You can use your phone to take photos, shoot a movie, watch a baseball game, text another person on their phone, tweet, read a book, use it as a flashlight, play a video game, but talk to someone else by using it as a telephone?  Not normal!  No one uses a telephone anymore.  When you do, the recording you hear is something like the following:

  • “Your call is very important to us.”
  • “We apologize for the wait. All our representatives are assisting other customers.”
  • “Please continue to hold for the next available representative.”
  • “Your estimated wait time is 4 minutes.”
  • “Please listen carefully since our menu selections may have changed.”
  • “We are experiencing a large volume of calls . . ..”

These statements may have you assuming the company/organization/agency has numerous representatives on many phones helping other customers. Closer to the truth, there is one person answering the phone.  I know this to be true with a few state agencies, and with several nonprofit organizations.

I have been particularly interested in the technological advancement that will inform you about how long we may have to be on hold until an available representative will be able to assist us [“Your hold time is estimated to be 3 minutes”].

Handling time is the amount of time between when the system puts the customer on hold until the moment an agent becomes available (or the caller hangs up).

The average hold time is calculated by adding up all inbound customer call hold times and dividing that by the number of inbound customer calls answered by the agent or interactive voice response (IVR) system.

Whatever. I prefer they call me back. And that is an option with some systems, but not enough.

Most often I call a company or agency because their website is not clear about the information posted. How frustrating to hear a recording direct me to its website to find the information I am seeking. Ahhggg! I try to press “0” and see if something will happen, but what I often get is another recording, placing me farther down the queue.

Customer service over the telephone is regressing. No one wants to talk to you, anymore. Everyone is emailing, texting, and communicating with methods foreign to a few of us who lapsed in the process of keeping up with technology.

I received a telephone call from an old friend the other day. He does not have a cell phone, and never has. He uses a landline. He has never had a computer, has never played Atari/Frogger, Pacman, and has never used a tablet or any other technological instrument, and that may include a calculator. He has his television and telephone. He gets along just fine.

We talked about how we grew up with a phone on the wall and an operator who answered the telephone when the receiver was listed. I told him our number was 56A (a party line). All he remembered was moving a chair over to the telephone and standing on the chair. “Give me the Ryan’s,” was all he would say. That’s all anyone had to say; you didn’t need a number. Bonita, Stacia, Marg, and Louise, the operators, knew everyone in town.

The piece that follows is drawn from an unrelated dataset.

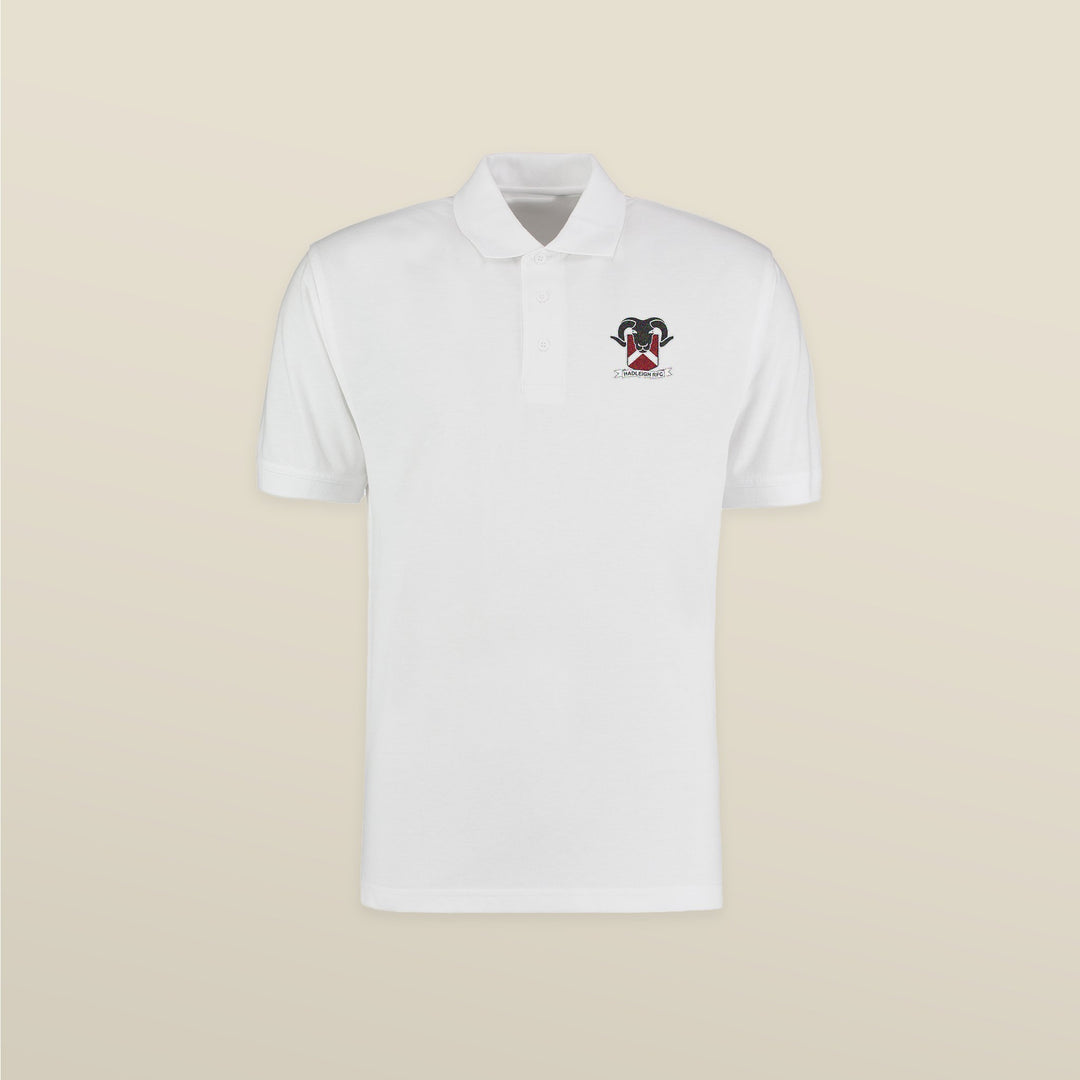 Hadleigh Custom Polo Shirt - Hook & Flanker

Things are so much different now, and although I had been good at keeping up with technology, I fell behind a few years ago and I can’t seem to catch up. There are so many features of my phone that I don’t use. I’ve never watched a movie, although I did try to view a baseball game, once. I didn’t enjoy it because the reception was choppy and often blurry.

The camera feature has been used on my phone, and I should use it more. It’s one of the few apps that I may have conquered. But I still haven’t mastered answering the phone when it rings. If I’m wearing my hearing aids, I know when the phone rings, but only because I have a Bluetooth thingy built into the hearing aids. Of course, when the phone rings I have to find it because the instruction booklet claims I only need tap the side of my ear twice and it will automatically connect me to the caller. It has never worked that way. My ears hurt now.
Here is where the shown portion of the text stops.